Gustav Schwab stand, als er es unternahm, die schönsten Sagen des klassischen Altertums nachzuerzählen, vor keiner leichten Aufgabe. Jahrhunderte hindurch hatte sich die schöpferische Phantasie der Hellenen an den ursprünglich mündlich überlieferten Mythen, Heroen- und Heldensagen entzündet und sie weitergebildet. Dadurch war allmählich Neues entstanden oder zu bereits bestehenden Versionen hatten sich Varianten gesellt. Schwab mußte nicht nur aus diesen vielgestaltigen, schriftlich auf uns gekommenen Überlieferungen auswählen, sondern mußte oftmals auch die Sagenelemente oder
-fassungen in inneren Einklang bringen und Widersprüche tilgen.

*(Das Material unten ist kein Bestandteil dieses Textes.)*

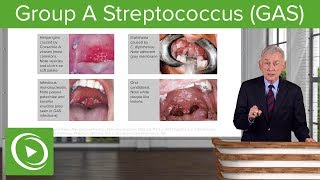 Group A Streptococcus GAS – Infectious Diseases  Lecturio [upl. by Leirol]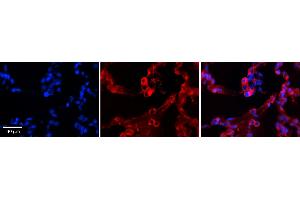 GPAA1 antibody - C-terminal region          Formalin Fixed Paraffin Embedded Tissue:  Human Lung Tissue    Observed Staining:  Cytoplasm of pneumocytes   Primary Antibody Concentration:  1:100    Other Working Concentrations:  1/600    Secondary Antibody:  Donkey anti-Rabbit-Cy3    Secondary Antibody Concentration:  1:200    Magnification:  20X    Exposure Time:  0. (GPAA1 抗体  (C-Term))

Die Sagenstoffe mußten zudem aus verstreuten dichterischen und schriftstellerischen Quellen, ja zuweilen aus Bruchstücken, kurzen Erwähnungen oder Anspielungen zusammengetragen werden. Bis zum zweiten Jahrhundert u. Z. gab es zwar einen Zyklus griechischer Sagenepen, er ist jedoch nicht erhalten geblieben. So kommt es, daß die Sagen um Troja von der Gründung der Stadt bis zu ihrem Untergang in keiner antiken Quelle so zusammenhängend erzählt sind wie bei Schwab. Selbst wenn man annehmen darf, daß er mythologische Handbücher zu Hilfe nahm und bereits ins Deutsche übersetzte Texte benutzte, bleibt seine Arbeitsleistung bewundernswert.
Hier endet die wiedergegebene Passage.